How has employee engagement measurement changed over time? “Well, a lot has changed especially the fact that it has got personalized across industries,” says Tarun NP Varma, Vice President, HR, Shell, India. Today, we live in a digital world where everyone is connected with a presence on across platforms including social media. The other thing is that employees know a lot of about what’s going on in the company in terms of work and policies and overall business. While everyone is not on the same page, employees do know they what they want,
Tarun adds. Referring to a survey on ‘work from home’ they have conducted across the US, UK, and India, Tarun says they have gained some amazing responses from people from diverse cultures. From the findings, they could exactly correlate whether employees want to work from home or not to their status of being seen as working from office or not. In India, there was a drop in engagement in the concept of working away from the office. Indians surveyed still believe in that fact that office means being present in office physically. The answer was consistent from across generations from people in Chennai which was their survey sample. For people in the US the response was the opposite which made them rethink about the kind of policies they should we have in place to cater to those preferences, says Tarun. “So the learning here is that we need to keep in mind the cultural aspect when it comes measuring engagement.”

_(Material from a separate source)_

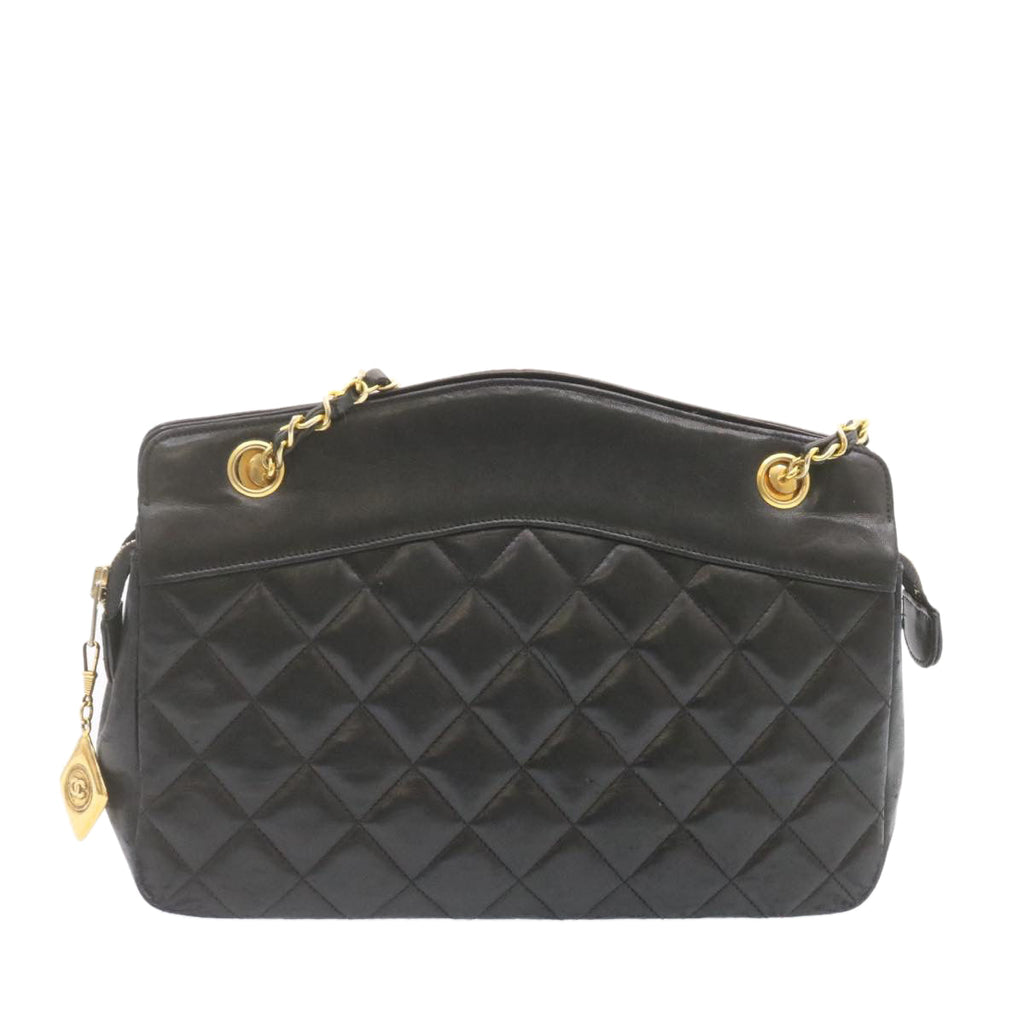 CHANEL Lamb Skin Matelasse Chain Shoulder Bag Black CC am1201gA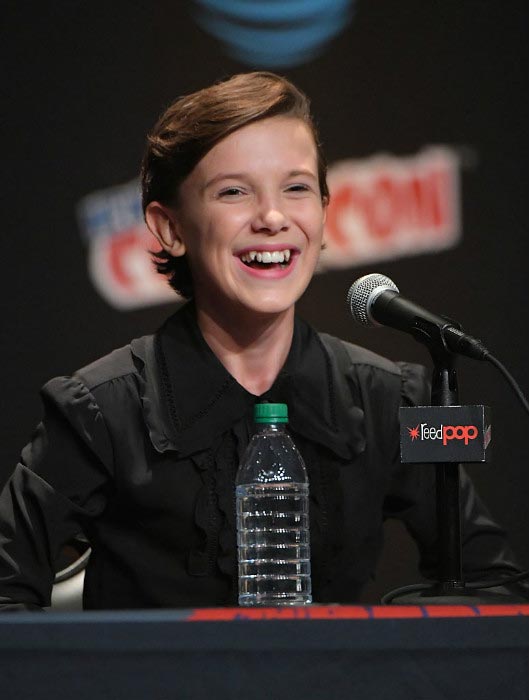 Millie Bobby Brown interacts with fans and press at 2016 New York Comic Con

Tarun Kohli, Founder and Chief Executive Officer, Quavantis, says, from a tech company perspective, there are three things that he sees when it comes to engagement. Number one is autonomy in terms of what employees want. Second is the opportunity to gain mastery in their respective fields and the third one is aligning people’ expectations with business objectives. Kohli says, “While we do one-on-ones at times to find out what happening in employees’ mind, we make sure people are gaining mastery over their domain area. We are also building models to figure out the happiness of our employees. We analyze patterns from these models which drive us to have individual discussions with people based on the inputs. We also use predictive analytics to preempt thing in advance. For example, our predictive system can tell us if a team member is going to resign or not.” Their global engagement model collates data –such as if an employee has been appreciated recently or not, from multiple sources and predicts the happiness of employees.
Amit Chincholikar, Global Human Resources Officer, Tata Global Beverages (who was the chair of the session) adds, predictive attrition model like the one Kohli talked about is an ongoing process, unlike a traditional survey. Kohli says their company also tried survey which required them to send multiple reminders for employees to fill the form. In fact, they tried chatbots which helped employees remind about taking the survey. But it all failed. So, it’s all about how do you use technology as an enabler.
Talking about health and wellness part of the engagement, Krishna Ulagaratchagan, co-founder and CEO, Healthi, says, the only measure of success in the past was the level of participation in activities which never worked. “Today it’s about an ongoing discussion. For instance, we could suggest an employee, hey look, here is what we suggest based on your lifestyle. At the end of the day, healthier employees are happier and happier employees are more productive,” Krishna adds. Adding to this, Amit says, organizations today look at how healthy their employees are because this is what impact productivity.
Aditya Nagpal, Director, Goodera, “we run various volunteering programs for companies where we define clearly the objective and track the engagement right there. We use technologies to track engagement, however, the challenge we face is catering to multigenerational employees who are not equally comfortable when it comes to using technology.”
Managing multi-gen workforce
To conclude, Amit from Shell says, the one size fits all is pointless today in the context of employee engagement. The future is about managing multi-generation workforce because every employee is unique and there is no standard offering.
When asked what is that one thing you want to change about employee engagement as an HR professional. Krishna says, measurement metrics while Kohli says its people experience and career advancement. Aditya is in favor of understanding every employee and leveraging technologies while Tarun says, “fulfill your employees' expectations”.
Referring to an example of tea, Amit from Tata Global Beverages adds, fundamentally all kinds of tea come of same tea leaves. Black tea and green tea come from the same source. It’s about which tea and what flavor you like. So the tea that you like is unique to you as an individual. “It’s time to replicate that tea experience to our workforce,” concludes Amit.